Your objective
Please copy every record below exactly, but leave the pictures out.

(Provided material begins)

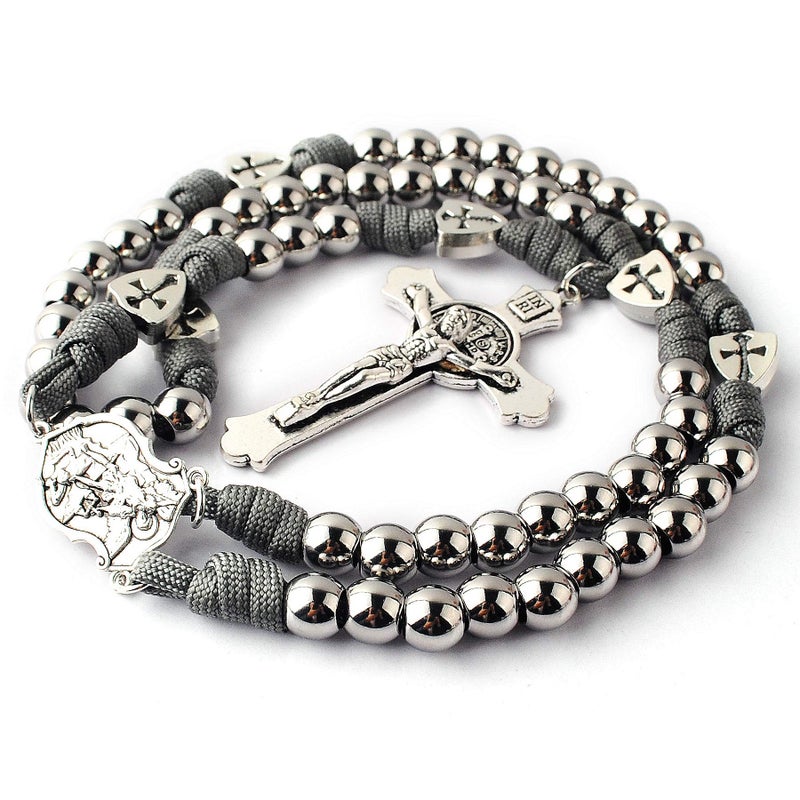 HanlinCC Large and Heavy Stainless Steel Beads Rugged Durable Paracord Rosary Necklace for Men with St.Michael Center Piece and St.Benedict Crucifix (Grey Paracord Rosary) - Image 3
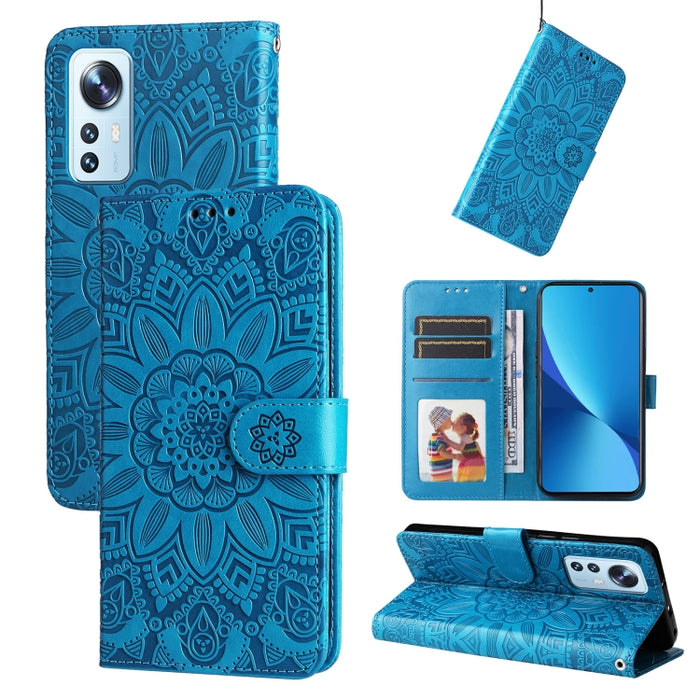 Estuche para teléfono de cuero con estampado de girasol en relieve, For Xiaomi 12 Lite, For Xiaomi 12 Pro, For Xiaomi 12 / 12X, For Xiaomi Poco M3 / Redmi 9T / Redmi 9 Power, For Xiaomi Poco X3 NFC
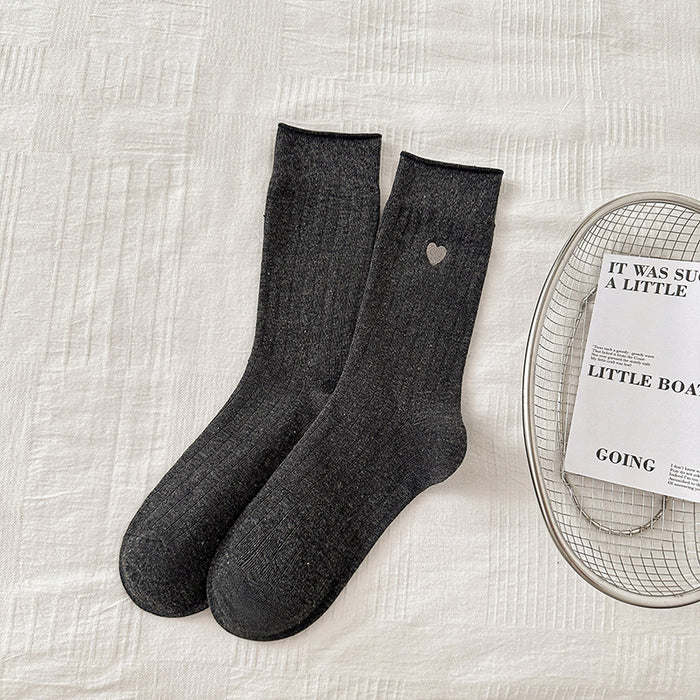Wholesale Socks with rolled edges, embroidered hearts, simple vertical stripes, versatile stacking socks
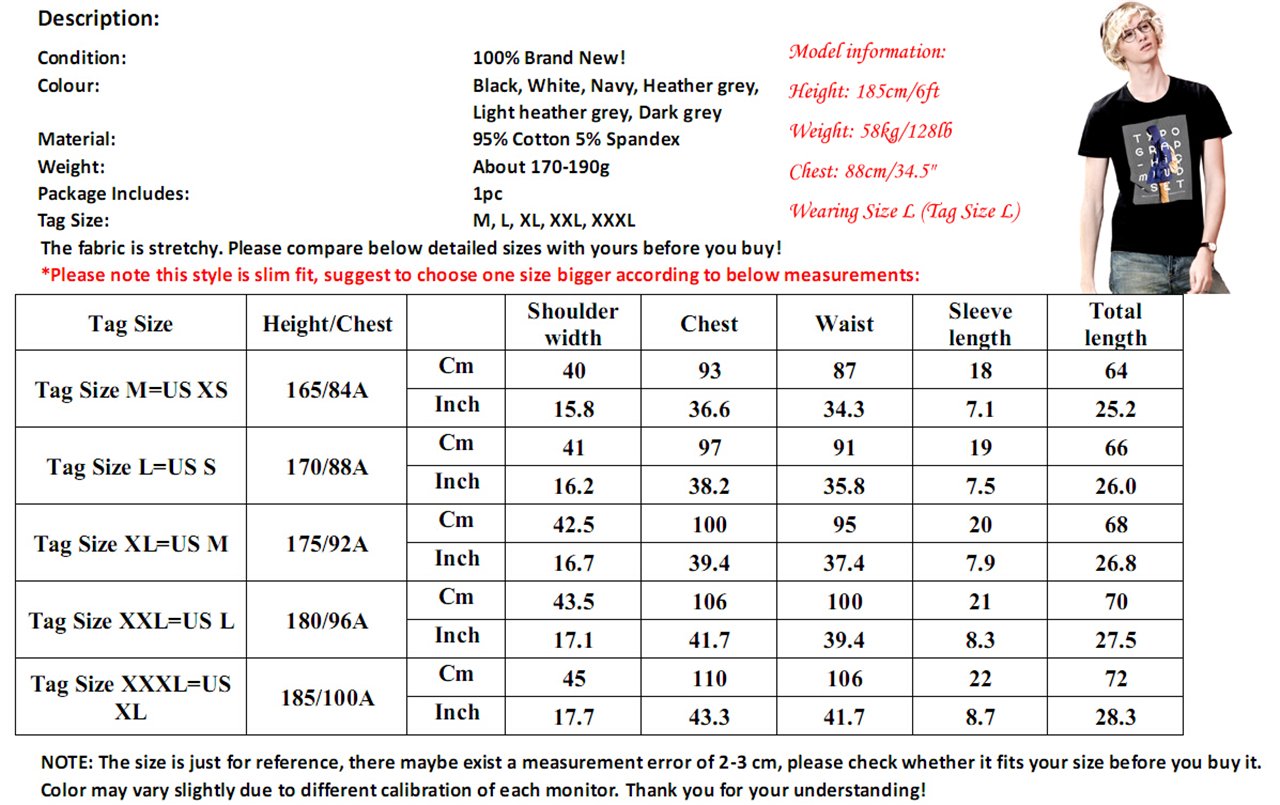 Faleto Casual Herren T-Shirt mit Print Mann Muster kurzarm T-Shirt Slim Fit Tops Sommer, Gr. M - 3XL(Schwarz, [Tag Size L]=EU S)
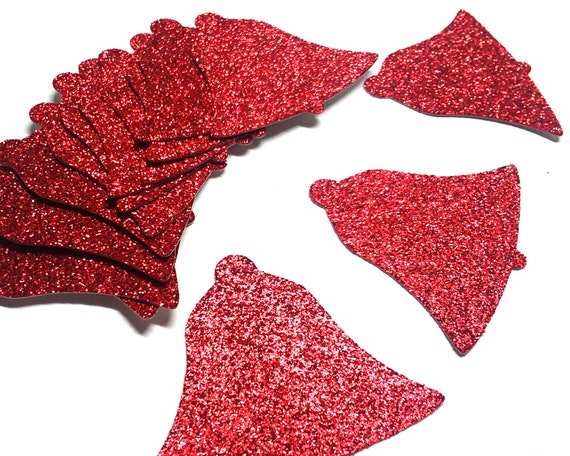 12 Pack Red Glitter Bell Shapes, Holiday Glitter Cardstock Shapes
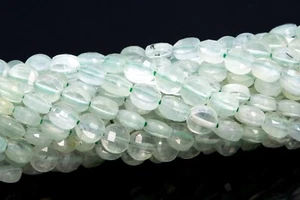4MM Prehnite Faceted Flat Round Button Grade AAA Genuine Natural Loose Beads - Picture 1 of 4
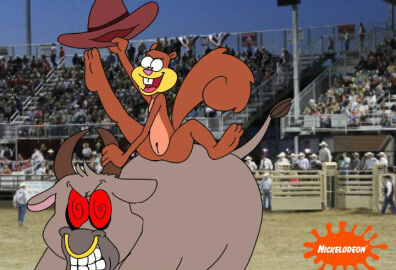1girls brown_body brown_fur buckteeth bull cattle crowd crowd_watching edit female furry legs_up naked nickelodeon parody pussy riding rodeo sandy_cheeks solo spanky15 spongebob_squarepants spongebob_squarepants_(series) squirrel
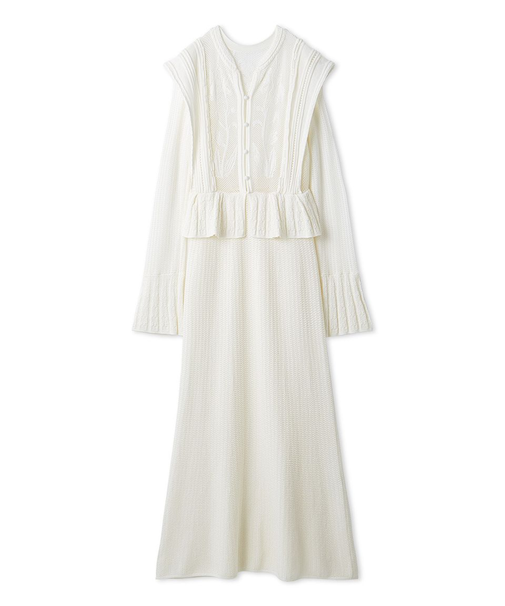 スイッチングクロシェニットワンピース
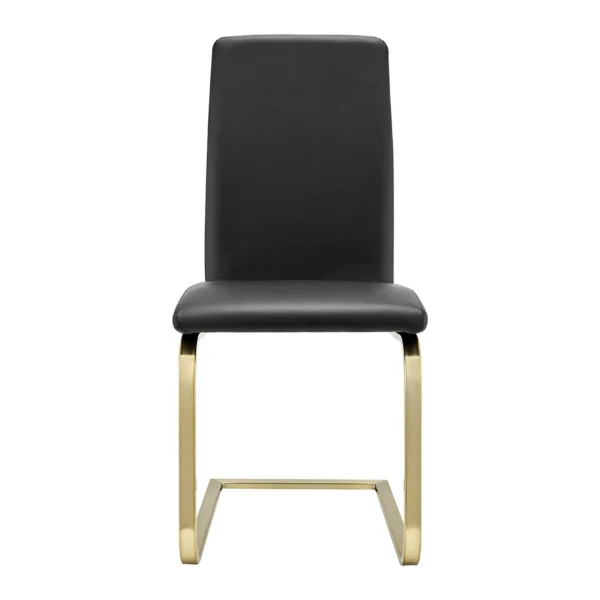 Set of Two Mod Black and Gold Dining Chairs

(Provided material ends)

Response area
 HanlinCC Large and Heavy Stainless Steel Beads Rugged Durable Paracord Rosary Necklace for Men with St.Michael Center Piece and St.Benedict Crucifix (Grey Paracord Rosary) - Image 3
 Estuche para teléfono de cuero con estampado de girasol en relieve, For Xiaomi 12 Lite, For Xiaomi 12 Pro, For Xiaomi 12 / 12X, For Xiaomi Poco M3 / Redmi 9T / Redmi 9 Power, For Xiaomi Poco X3 NFC
Wholesale Socks with rolled edges, embroidered hearts, simple vertical stripes, versatile stacking socks
 Faleto Casual Herren T-Shirt mit Print Mann Muster kurzarm T-Shirt Slim Fit Tops Sommer, Gr. M - 3XL(Schwarz, [Tag Size L]=EU S)
 12 Pack Red Glitter Bell Shapes, Holiday Glitter Cardstock Shapes
4MM Prehnite Faceted Flat Round Button Grade AAA Genuine Natural Loose Beads - Picture 1 of 4
1girls brown_body brown_fur buckteeth bull cattle crowd crowd_watching edit female furry legs_up naked nickelodeon parody pussy riding rodeo sandy_cheeks solo spanky15 spongebob_squarepants spongebob_squarepants_(series) squirrel
 スイッチングクロシェニットワンピース
 Set of Two Mod Black and Gold Dining Chairs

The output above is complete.